Well, South Korea has a new entrant into the segment: the Hyundai Kona, which the automaker says is based on an all-new CUV (crossover utility vehicle) platform. It is now officially the company’s smallest SUV.
Hyundai describes the body styling of the Kona as “urban smart armor,” which we presume to mean this car is aimed at fashionable city dwellers who have an active lifestyle. We just hope these urbanites can look past those polarizing headlights.
Two of the selling points of this vehicle are its “extroverted color options” and LED lighting. The colors in question are—at least in the US market, where it’s being displayed at the Los Angeles Auto Show—Chalk White, Ultra Black, Sonic Silver, Thunder Gray, Pulse Red, Surf Blue and Lime Twist. Which tells us Hyundai’s product personnel named these paint jobs while intoxicating themselves at a bar. Also, the product specialists want us to know that this small crossover sports LED headlights and LED daytime running lights. To better announce one’s arrival at watering holes.
Prior to the Kona’s appearance, Hyundai’s smallest crossover SUV was the Creta.
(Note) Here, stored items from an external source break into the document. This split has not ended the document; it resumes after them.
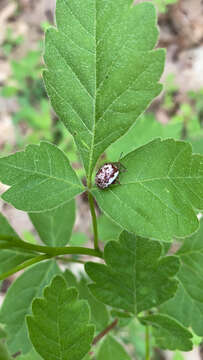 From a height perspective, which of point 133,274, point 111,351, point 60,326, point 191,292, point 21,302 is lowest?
point 111,351

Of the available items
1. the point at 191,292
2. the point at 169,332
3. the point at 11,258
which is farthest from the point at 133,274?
the point at 11,258

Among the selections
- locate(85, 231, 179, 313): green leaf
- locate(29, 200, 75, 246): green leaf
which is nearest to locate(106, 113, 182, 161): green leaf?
locate(29, 200, 75, 246): green leaf

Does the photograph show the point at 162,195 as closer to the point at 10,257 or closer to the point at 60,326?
the point at 60,326

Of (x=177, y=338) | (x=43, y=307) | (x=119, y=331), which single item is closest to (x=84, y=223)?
(x=119, y=331)

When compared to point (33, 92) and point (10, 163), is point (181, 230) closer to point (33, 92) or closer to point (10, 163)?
point (10, 163)

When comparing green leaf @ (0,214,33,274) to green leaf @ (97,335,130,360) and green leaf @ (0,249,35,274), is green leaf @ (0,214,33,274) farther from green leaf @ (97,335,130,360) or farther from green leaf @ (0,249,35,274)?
green leaf @ (97,335,130,360)

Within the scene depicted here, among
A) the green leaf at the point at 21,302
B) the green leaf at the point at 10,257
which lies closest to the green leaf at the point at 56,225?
the green leaf at the point at 21,302

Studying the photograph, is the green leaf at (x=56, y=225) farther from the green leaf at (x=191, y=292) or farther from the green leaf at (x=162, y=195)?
the green leaf at (x=162, y=195)
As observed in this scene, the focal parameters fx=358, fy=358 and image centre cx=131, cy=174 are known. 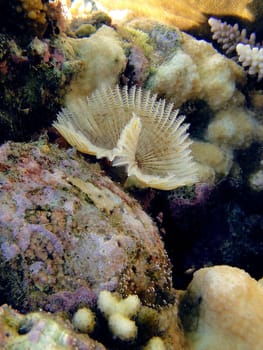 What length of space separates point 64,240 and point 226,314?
3.75 ft

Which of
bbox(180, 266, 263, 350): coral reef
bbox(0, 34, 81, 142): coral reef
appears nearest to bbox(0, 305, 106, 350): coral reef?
bbox(180, 266, 263, 350): coral reef

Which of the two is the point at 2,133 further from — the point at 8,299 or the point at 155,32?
the point at 155,32

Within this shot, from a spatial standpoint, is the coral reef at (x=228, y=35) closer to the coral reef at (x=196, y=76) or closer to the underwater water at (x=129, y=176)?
the underwater water at (x=129, y=176)

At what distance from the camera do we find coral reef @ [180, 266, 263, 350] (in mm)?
2217

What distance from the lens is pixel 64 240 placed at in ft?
6.24

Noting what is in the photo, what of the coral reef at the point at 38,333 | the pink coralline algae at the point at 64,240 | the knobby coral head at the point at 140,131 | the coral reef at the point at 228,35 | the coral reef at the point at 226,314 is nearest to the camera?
the coral reef at the point at 38,333

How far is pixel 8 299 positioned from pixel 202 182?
2024 mm

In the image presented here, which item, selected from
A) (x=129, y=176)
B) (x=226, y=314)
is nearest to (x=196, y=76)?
(x=129, y=176)

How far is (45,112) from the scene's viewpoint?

Here are the dimensions of the brand’s SUV lineup measured from bumper to bumper:
- Grand Santa Fe – 4,905mm
- Santa Fe – 4,700mm
- Tucson – 4,475mm
- Creta – 4,270mm
- Kona – 4,166mm
Note that in the US market, the Grand Santa Fe is simply called Santa Fe, and the Santa Fe is designated as Santa Fe Sport.
Two petrol engine options are being offered in the US: the standard 2.0-liter four-cylinder Atkinson (147hp; 179Nm) and the limited 1.6-liter four-cylinder turbo Gamma (175hp; 264Nm). The standard gearbox is a six-speed automatic transmission with Hyundai’s Shiftronic manual mode, while the one for the Gamma powerplant is a seven-speed EcoShift dual-clutch transmission.
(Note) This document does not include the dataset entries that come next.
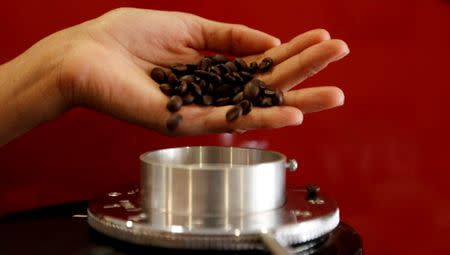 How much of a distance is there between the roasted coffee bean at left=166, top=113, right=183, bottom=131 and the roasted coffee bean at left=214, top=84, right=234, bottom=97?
0.10 m

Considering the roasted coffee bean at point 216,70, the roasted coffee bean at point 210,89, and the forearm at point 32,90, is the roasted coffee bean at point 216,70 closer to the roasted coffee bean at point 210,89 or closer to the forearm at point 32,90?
the roasted coffee bean at point 210,89

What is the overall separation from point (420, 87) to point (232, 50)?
40 cm

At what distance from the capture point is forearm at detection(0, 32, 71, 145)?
1.02 meters

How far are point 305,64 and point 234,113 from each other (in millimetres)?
155

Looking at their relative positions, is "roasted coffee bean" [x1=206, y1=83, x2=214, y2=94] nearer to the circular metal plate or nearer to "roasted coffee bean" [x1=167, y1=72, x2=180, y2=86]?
"roasted coffee bean" [x1=167, y1=72, x2=180, y2=86]

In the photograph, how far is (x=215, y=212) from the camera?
698 millimetres

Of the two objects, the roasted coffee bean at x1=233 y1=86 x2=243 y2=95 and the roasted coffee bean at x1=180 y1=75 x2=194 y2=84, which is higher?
the roasted coffee bean at x1=180 y1=75 x2=194 y2=84

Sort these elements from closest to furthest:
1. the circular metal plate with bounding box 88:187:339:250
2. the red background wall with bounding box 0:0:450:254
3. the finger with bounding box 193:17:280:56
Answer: the circular metal plate with bounding box 88:187:339:250 < the finger with bounding box 193:17:280:56 < the red background wall with bounding box 0:0:450:254

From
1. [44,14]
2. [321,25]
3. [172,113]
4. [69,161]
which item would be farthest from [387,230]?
[44,14]

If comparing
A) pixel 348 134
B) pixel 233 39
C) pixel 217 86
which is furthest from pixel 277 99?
pixel 348 134

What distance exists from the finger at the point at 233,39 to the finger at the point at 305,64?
9cm

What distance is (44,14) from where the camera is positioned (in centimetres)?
116

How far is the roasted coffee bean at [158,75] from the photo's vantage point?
104 cm

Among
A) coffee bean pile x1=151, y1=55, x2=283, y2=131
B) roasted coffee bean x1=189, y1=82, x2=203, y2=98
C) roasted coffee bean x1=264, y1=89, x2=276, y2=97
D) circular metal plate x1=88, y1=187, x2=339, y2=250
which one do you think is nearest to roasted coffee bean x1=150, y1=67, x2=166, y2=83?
coffee bean pile x1=151, y1=55, x2=283, y2=131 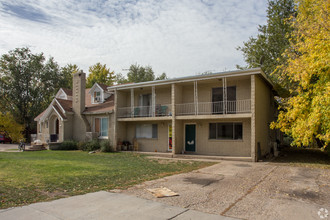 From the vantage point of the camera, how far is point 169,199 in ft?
21.6

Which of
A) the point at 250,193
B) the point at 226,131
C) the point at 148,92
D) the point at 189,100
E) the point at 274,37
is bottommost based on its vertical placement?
the point at 250,193

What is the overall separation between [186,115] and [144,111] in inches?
162

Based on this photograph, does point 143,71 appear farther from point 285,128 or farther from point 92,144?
point 285,128

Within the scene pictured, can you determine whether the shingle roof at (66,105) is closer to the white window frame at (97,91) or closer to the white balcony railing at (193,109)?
the white window frame at (97,91)

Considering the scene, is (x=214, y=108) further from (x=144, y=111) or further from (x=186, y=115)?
(x=144, y=111)

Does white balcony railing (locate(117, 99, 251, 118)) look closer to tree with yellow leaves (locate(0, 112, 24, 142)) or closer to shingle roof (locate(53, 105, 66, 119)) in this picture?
shingle roof (locate(53, 105, 66, 119))

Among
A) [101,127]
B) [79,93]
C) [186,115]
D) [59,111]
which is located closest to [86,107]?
[79,93]

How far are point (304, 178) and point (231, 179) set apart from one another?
2.84 m

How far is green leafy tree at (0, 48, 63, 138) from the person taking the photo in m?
34.1

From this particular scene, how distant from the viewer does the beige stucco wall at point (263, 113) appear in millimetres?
15719

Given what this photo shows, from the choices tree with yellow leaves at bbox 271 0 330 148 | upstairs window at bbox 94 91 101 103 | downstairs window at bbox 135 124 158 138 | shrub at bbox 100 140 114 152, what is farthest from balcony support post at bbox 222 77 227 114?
upstairs window at bbox 94 91 101 103

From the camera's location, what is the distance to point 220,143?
1697cm

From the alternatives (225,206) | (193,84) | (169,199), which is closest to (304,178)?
(225,206)

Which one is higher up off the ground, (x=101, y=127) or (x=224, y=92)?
(x=224, y=92)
If you think the Kona’s exterior design is suave, you have to see the interior. We particularly like the youthful color accents. Everything about the cabin—including the “floating” touchscreen with Apple CarPlay and Android Auto capabilities—looks so dynamic that you’d feel like a loser if you didn’t take this car to a place of adventure every weekend.
The name “Kona,” according to Hyundai, is derived from “the idyllic west-coast region of the Big Island of Hawaii.” Which explains why we’ve been visualizing Hawaiian shirts and wakeboards while writing this. Let’s hope this crossover can surf its way to our shores.